Assim, alguma doutrina afirma que a titularidade do direito de compensação pertence apenas às pessoas elencadas no art. 496º nº 2. De entre os autores que defendem que a enumeração é taxativa e, portanto, insuscetível de aplicação analógica, destacam-se Sinde Monteiro, Menezes Leitão e Abrantes Geraldes, que entendem que pode naturalmente suceder que a morte da vítima cause ainda danos não patrimoniais a outras pessoas, não contempladas na graduação que faz o nº 2, tal como pode acontecer que esses danos afetem as pessoas abrangidas na disposição legal por uma forma diferente da ordem de precedências que o legislador estabeleceu. Mas este é um dos aspetos em que as excelências da equidade tiveram de ser sacrificadas às incontestáveis vantagens do direito estrito.
De entre os autores que defendem a não taxatividade do art. 496º nº 2 destaca-se Menezes Cordeiro que, referindo-se ao mencionado preceito, afirma: “Não faz já muito sentido, para mais numa época em que a família perde terreno, quer na sociedade, quer na própria lei.”. Esta tese é também perfilhada por Mafalda Miranda Barbosa que considera que “sempre que esteja em causa um sujeito que esteja unido pelos laços do amor com o falecido, não obstante não seja seu familiar ou não o seja no grau mais próximo, então dever-se-á operar uma extensão teleológica da norma”.
Atentemos numa situação concreta: na sequência de um acidente de viação que causou a morte de uma pessoa, veio a cônjuge do falecido, em representação dos seus três filhos – dois deles filhos biológicos do falecido e um apenas filho dela, mas que viveu com o falecido desde os dois anos de idade – peticionar uma indemnização por danos não patrimoniais contra a seguradora daquele que culposamente, causou o acidente.

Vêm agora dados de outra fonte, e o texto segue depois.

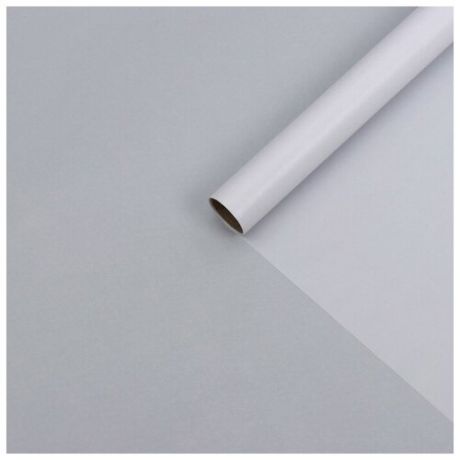 Бумага тишью водоотталкивающая, цвет белый, 58 см х 5 м 19 микрон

A ré seguradora aceitou que a responsabilidade pela produção do acidente que causou a morte do sinistrado se deveu, em exclusivo, à conduta do seu segurado, tendo o referido evento resultado do seu comportamento infrator, mas contestou, sustentando a não titularidade do direito pelo enteado.
O Supremo Tribunal de Justiça pronunciou-se sobre esta situação, no seu acórdão de 15-09-2022 (disponível em www.dgsi.pt), tendo considerado que “o n.º 2 do artigo 496.º do Código Civil deve ser interpretado como permitindo que seja equiparado a filho o enteado que viveu com a vítima desde os 2 anos de idade e com quem se relacionava como se de um pai se tratasse, não se justificando a manutenção da ignorância das novas formulas de vivência familiar dos tempos modernos, ainda que o enteado não tenha sido adotado ou apadrinhado pelo falecido”.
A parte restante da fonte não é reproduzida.